**Work instructions**:
Would you transcribe the records below from the line with "I'm going to show you how to" to the line with "So that is just", ends included, exactly and with nothing more, leaving the pictures out?

**Records for this task**:
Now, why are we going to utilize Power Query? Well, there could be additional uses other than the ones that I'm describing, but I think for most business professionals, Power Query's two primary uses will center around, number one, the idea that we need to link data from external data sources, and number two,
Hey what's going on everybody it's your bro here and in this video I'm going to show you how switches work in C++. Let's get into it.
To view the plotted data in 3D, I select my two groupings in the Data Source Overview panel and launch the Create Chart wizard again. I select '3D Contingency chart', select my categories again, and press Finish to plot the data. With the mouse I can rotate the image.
--
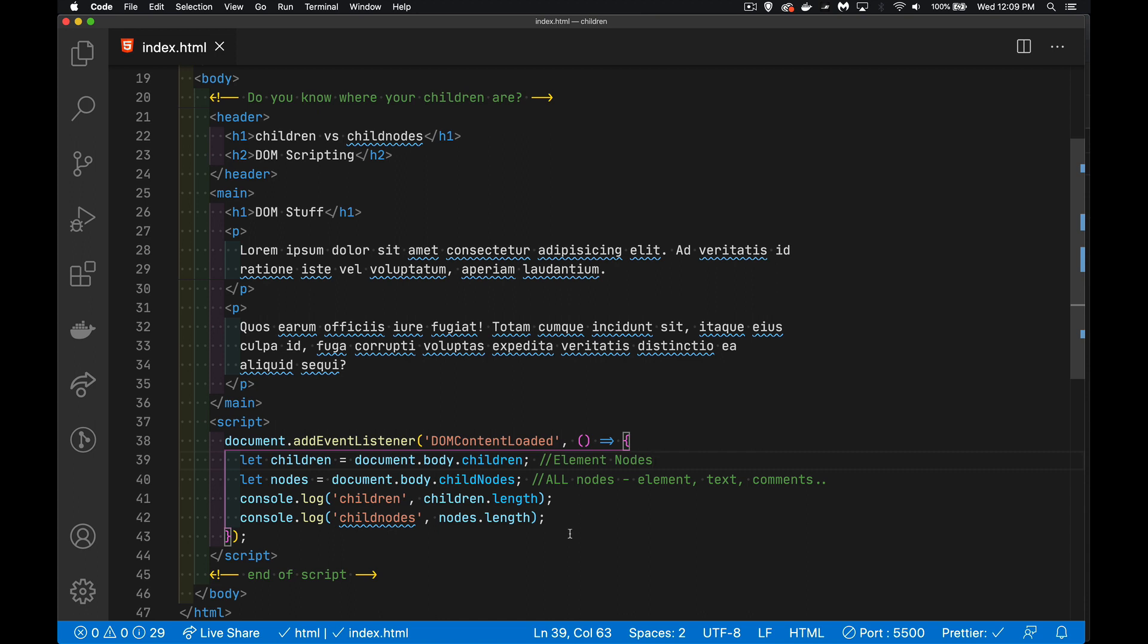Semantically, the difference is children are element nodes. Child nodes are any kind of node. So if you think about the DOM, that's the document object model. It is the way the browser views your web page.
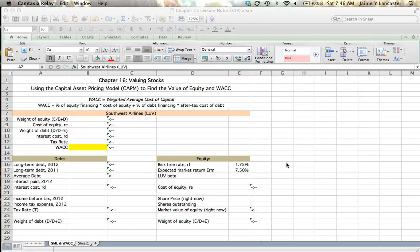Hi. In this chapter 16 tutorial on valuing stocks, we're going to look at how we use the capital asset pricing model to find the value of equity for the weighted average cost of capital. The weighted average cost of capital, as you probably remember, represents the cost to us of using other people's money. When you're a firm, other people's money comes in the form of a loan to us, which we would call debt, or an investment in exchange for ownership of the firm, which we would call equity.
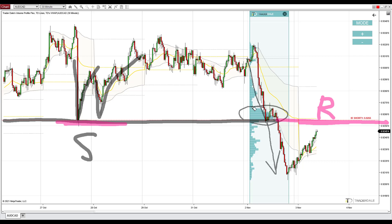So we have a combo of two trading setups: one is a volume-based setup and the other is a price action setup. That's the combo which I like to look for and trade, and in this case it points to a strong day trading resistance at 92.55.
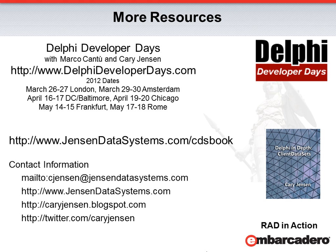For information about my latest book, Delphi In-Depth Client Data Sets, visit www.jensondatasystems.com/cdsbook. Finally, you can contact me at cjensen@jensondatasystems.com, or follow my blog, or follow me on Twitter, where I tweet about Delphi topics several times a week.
...
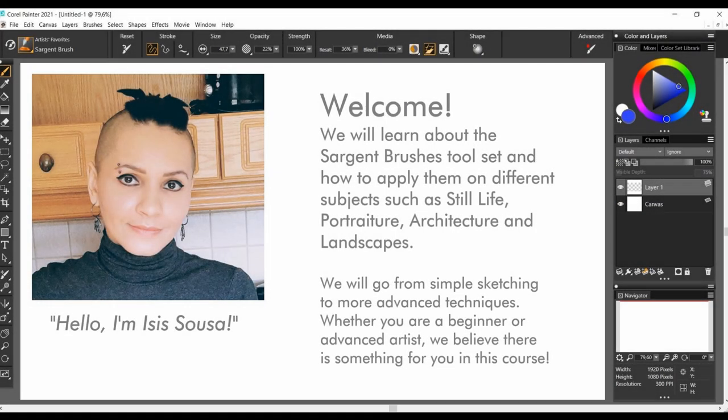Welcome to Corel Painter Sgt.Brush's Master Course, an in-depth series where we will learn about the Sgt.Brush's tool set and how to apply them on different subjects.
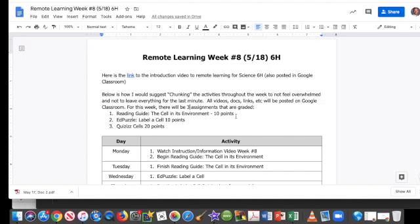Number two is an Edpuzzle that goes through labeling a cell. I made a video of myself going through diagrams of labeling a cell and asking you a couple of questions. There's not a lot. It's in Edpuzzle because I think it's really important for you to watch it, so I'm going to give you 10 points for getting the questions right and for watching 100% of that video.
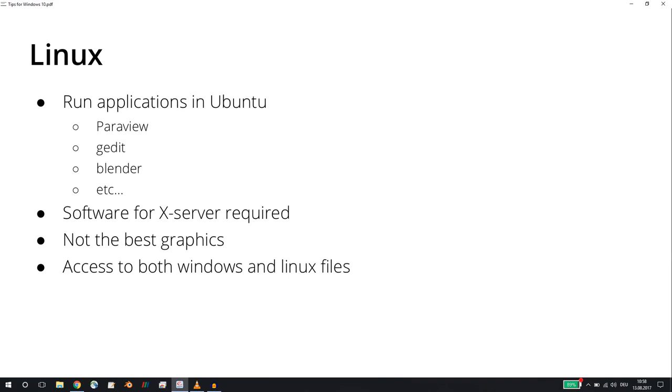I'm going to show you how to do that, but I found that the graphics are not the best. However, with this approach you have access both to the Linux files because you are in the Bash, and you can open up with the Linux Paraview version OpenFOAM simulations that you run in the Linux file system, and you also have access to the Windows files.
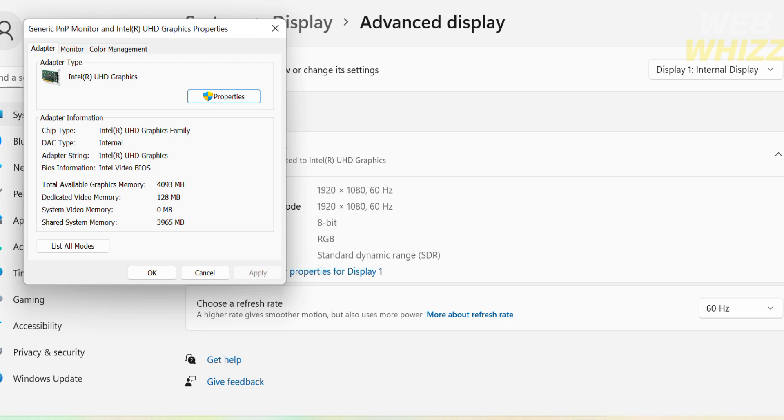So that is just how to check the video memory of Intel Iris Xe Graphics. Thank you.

**Output of the exercise**:
I'm going to show you how to do that, but I found that the graphics are not the best. However, with this approach you have access both to the Linux files because you are in the Bash, and you can open up with the Linux Paraview version OpenFOAM simulations that you run in the Linux file system, and you also have access to the Windows files.
So that is just how to check the video memory of Intel Iris Xe Graphics. Thank you.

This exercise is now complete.